Back in the early 90s when I was doing BASIC programming, I was soooo happy when I finally used a system which allowed me to automatically renumber my program lines. It made programming much easier. Today, I routinely find myself wedging tests between other tests since I number my tests.
10_class_trait.t 15_test_imports.t 20_trait_overload.t 30_trait_composition.t 40_Trait_Config_test.t 50_Trait_SUPER_test.t 60_Trait_mod_perl_test.t 70_Trait_SUPER2_test.t 80_Class_Trait_Lib_tests.t 90_trait_rename_does.t 91_trait_performs.t 99_trait_errors.t
Today I got fed up with that and wrote a simple test renumbering program. You may not find it useful but it does exactly what I need.
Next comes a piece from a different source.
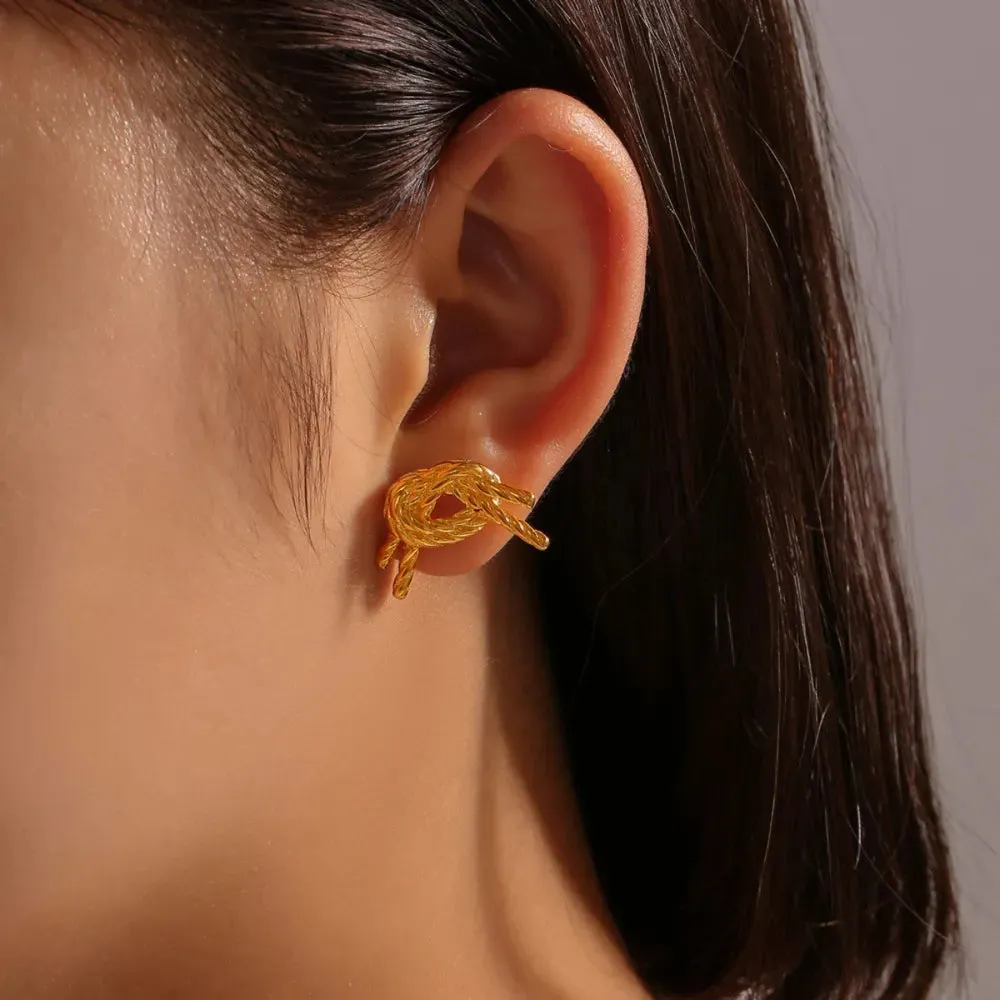 Titanium Steel Stud Earrings sold by Gigi Laurent product image thumbnail 5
Admittedly, tests should run in any order but I have a convention that lower numbered test failures should be addressed first as they're likely the ones causing other test errors.
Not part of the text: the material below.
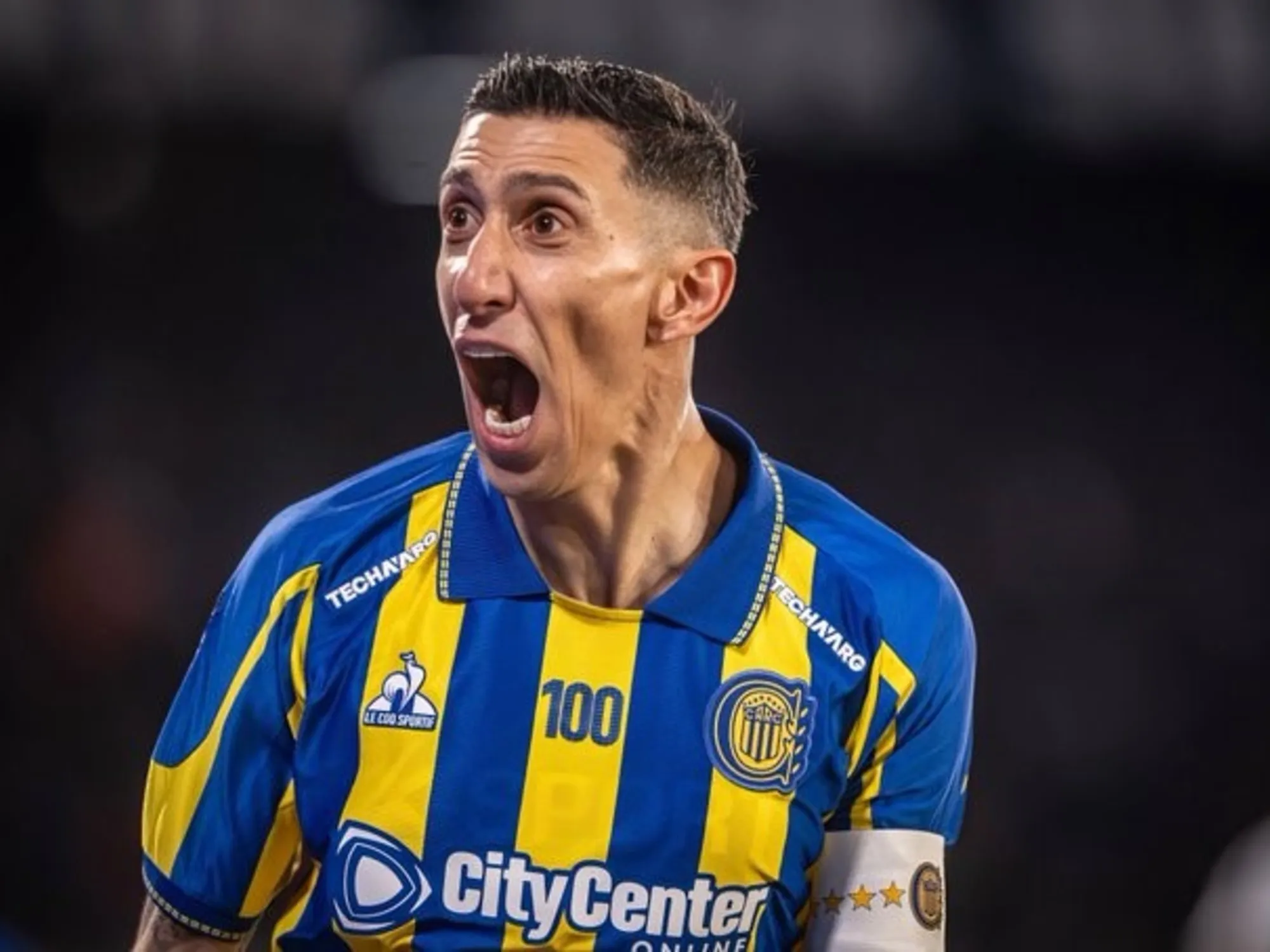 Angel Di Maria tampil gemilang dan menyelamatkan Rosario Central dari kekalahan saat menghadapi Talleres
The following is a bit of a hack and it's certainly not portable, but then, I didn't really right it for anyone else :)
#!/usr/bin/perl
use strict;
use warnings;
use Getopt::Long;
my $dir = ".";
my $test_num = 10;
my $step = 10;
GetOptions(
"dir=s" => \$dir,
"start=i" => \$test_num,
"step=i" => \$step,
"dry" => \my $dry_run,
"svn" => \my $svn,
);
unless ( -d $dir ) {
die "I cannot find the directory ($dir)";
}
my @tests = glob "$dir/*.t";
unless (@tests) {
die "No tests found in ($dir)";
}
@tests =
sort grep { /^\d+/ }
map { s{^\Q$dir/}{}; $_ } @tests; # only take numbered tests
my $digits = length( $test_num + ( $step * @tests ) );
foreach my $test (@tests) {
my $new_name = $test;
$new_name =~ s{^\d+(.*)$}
{
my $name = sprintf "%0${digits}d$1", $test_num;
$test_num += $step;
$name
}e;
next if $new_name eq $test;
my @command = ( "mv", "$dir/$test", "$dir/$new_name" );
if ($svn) {
unshift @command, "svn";
}
if ($dry_run) {
print "@command\n";
}
else {
system(@command);
}
}
Re:Test::Manifest
mr_bean on 2005-11-21T03:08:44
Does this work with Module::Build? I see references to Makefile in the pod?Re:Test::Manifest
brian_d_foy on 2005-11-21T04:53:27
It will work when somebody patches it for Module::Build, which I don't use (at least not yet).